### ACTION ITEM
A single number is the whole answer: the tally of lines in the data below that include the word "brush".

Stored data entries
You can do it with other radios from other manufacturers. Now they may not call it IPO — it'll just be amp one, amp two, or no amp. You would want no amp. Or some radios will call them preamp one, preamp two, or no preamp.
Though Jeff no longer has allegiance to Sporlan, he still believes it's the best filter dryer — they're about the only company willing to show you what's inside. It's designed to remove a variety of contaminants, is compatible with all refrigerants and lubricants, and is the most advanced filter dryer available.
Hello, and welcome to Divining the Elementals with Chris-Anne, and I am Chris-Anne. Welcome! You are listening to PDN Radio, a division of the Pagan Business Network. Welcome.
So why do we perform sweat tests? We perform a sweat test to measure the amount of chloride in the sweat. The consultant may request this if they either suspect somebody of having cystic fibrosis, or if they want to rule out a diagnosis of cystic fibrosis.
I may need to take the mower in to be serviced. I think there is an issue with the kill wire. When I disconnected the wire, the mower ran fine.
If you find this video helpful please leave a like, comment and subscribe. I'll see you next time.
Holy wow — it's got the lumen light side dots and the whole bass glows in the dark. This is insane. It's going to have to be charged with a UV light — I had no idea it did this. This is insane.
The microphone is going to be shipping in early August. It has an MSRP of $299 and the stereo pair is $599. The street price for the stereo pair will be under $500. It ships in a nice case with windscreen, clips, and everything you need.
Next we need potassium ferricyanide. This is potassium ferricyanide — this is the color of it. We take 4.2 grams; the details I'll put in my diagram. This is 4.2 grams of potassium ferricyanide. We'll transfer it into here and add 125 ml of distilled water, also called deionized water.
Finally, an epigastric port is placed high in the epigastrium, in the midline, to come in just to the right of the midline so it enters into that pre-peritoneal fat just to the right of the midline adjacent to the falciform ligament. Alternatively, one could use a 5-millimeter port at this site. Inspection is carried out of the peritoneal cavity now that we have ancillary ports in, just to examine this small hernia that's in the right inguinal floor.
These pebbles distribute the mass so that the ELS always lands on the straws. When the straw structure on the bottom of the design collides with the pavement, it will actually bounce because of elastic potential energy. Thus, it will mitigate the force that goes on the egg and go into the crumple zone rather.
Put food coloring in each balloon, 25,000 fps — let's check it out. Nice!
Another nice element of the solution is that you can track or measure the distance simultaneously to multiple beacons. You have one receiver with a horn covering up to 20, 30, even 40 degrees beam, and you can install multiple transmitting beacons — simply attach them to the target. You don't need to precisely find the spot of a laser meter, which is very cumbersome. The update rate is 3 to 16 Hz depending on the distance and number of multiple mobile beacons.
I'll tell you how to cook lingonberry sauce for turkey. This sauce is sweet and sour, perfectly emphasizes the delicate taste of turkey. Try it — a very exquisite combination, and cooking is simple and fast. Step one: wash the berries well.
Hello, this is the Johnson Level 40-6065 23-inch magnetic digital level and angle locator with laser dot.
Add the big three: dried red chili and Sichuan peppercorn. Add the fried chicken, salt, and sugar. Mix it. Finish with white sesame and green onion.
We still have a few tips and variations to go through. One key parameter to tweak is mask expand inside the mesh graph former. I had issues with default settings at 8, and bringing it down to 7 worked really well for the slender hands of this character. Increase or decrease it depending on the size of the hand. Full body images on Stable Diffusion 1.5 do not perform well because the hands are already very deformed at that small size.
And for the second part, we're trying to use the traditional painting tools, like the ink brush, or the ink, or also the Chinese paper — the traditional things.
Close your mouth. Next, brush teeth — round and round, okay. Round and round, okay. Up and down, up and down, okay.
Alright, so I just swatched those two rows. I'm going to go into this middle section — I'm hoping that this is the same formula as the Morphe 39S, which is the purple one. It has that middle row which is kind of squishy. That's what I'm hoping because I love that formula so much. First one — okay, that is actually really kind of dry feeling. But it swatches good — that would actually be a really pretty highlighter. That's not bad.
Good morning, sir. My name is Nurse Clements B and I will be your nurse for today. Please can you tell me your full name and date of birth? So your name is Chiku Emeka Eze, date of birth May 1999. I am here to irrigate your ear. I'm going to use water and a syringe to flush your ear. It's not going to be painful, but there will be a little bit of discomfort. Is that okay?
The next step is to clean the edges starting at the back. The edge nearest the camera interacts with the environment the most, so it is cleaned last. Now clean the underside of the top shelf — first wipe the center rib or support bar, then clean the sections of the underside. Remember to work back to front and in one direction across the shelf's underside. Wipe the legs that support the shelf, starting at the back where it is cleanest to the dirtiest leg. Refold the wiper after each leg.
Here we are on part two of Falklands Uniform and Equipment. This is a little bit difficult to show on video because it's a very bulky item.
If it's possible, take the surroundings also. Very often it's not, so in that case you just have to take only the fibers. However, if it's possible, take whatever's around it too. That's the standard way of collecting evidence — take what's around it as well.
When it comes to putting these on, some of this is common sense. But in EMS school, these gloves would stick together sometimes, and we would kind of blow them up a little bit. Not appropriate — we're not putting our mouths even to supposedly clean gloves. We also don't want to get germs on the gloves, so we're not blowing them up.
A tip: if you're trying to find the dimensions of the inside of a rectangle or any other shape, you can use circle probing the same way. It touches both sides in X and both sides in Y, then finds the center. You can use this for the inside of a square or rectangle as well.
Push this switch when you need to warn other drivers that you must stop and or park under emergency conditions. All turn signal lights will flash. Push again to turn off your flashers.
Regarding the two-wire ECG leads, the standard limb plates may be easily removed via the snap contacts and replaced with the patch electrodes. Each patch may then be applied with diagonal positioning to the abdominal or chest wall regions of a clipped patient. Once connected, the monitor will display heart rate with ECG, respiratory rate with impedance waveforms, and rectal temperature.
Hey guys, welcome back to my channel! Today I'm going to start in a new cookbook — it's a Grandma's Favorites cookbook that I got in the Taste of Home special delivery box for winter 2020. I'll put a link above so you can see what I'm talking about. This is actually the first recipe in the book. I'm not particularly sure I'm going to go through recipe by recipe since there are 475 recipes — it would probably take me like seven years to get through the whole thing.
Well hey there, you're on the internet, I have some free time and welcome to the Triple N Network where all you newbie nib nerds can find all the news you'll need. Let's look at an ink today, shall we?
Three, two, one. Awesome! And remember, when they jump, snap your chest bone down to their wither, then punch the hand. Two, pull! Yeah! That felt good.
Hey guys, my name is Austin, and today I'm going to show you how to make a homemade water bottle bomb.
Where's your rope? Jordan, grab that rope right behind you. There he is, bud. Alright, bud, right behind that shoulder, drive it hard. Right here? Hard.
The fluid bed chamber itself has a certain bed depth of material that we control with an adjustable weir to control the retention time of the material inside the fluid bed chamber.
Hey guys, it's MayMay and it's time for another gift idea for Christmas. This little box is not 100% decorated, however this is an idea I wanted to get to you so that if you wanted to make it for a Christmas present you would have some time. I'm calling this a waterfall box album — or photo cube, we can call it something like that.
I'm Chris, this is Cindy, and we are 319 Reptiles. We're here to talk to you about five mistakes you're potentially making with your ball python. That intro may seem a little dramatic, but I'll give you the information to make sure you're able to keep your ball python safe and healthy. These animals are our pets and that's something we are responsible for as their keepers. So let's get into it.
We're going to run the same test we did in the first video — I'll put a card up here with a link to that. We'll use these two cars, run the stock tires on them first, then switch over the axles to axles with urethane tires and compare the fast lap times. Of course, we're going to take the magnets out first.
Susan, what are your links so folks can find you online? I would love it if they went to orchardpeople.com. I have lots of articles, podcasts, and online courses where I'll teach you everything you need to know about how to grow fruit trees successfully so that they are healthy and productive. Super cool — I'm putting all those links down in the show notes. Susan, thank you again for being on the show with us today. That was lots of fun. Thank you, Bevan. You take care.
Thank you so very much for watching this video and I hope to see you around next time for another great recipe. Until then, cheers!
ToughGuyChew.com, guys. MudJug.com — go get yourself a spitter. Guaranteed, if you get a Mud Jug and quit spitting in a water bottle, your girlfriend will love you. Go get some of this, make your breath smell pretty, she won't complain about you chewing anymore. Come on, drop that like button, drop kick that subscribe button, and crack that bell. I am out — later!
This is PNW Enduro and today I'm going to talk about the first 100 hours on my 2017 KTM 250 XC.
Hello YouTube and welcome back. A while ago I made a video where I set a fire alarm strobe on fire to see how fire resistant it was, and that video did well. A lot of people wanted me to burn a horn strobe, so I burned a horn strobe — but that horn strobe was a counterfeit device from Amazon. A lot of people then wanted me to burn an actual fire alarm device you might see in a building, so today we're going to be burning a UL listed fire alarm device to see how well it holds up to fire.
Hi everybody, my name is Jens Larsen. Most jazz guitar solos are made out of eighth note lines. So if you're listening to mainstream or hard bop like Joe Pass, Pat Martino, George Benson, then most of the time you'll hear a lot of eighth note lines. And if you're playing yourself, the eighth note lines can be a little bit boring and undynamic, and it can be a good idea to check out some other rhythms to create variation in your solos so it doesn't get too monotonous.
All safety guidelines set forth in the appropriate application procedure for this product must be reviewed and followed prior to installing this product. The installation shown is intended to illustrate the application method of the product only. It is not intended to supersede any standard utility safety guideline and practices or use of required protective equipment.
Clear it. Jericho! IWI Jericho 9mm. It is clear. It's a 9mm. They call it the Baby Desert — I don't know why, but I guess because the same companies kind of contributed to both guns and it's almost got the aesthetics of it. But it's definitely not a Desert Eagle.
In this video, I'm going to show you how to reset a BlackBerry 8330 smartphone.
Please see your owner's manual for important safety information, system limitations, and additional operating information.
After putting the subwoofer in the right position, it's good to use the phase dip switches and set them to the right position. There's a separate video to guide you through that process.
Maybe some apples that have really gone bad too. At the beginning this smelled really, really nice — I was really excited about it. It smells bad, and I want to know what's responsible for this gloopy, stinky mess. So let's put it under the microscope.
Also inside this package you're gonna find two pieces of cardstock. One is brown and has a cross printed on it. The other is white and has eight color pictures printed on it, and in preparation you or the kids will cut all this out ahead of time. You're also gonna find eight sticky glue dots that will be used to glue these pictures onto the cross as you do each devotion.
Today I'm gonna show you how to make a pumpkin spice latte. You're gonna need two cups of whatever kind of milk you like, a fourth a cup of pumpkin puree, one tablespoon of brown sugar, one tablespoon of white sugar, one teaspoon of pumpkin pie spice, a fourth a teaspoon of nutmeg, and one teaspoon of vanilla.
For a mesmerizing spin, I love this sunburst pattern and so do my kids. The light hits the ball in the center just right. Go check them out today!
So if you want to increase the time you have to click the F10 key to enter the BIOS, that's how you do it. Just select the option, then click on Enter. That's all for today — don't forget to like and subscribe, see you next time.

### OUTPUT FOR THIS EXERCISE
2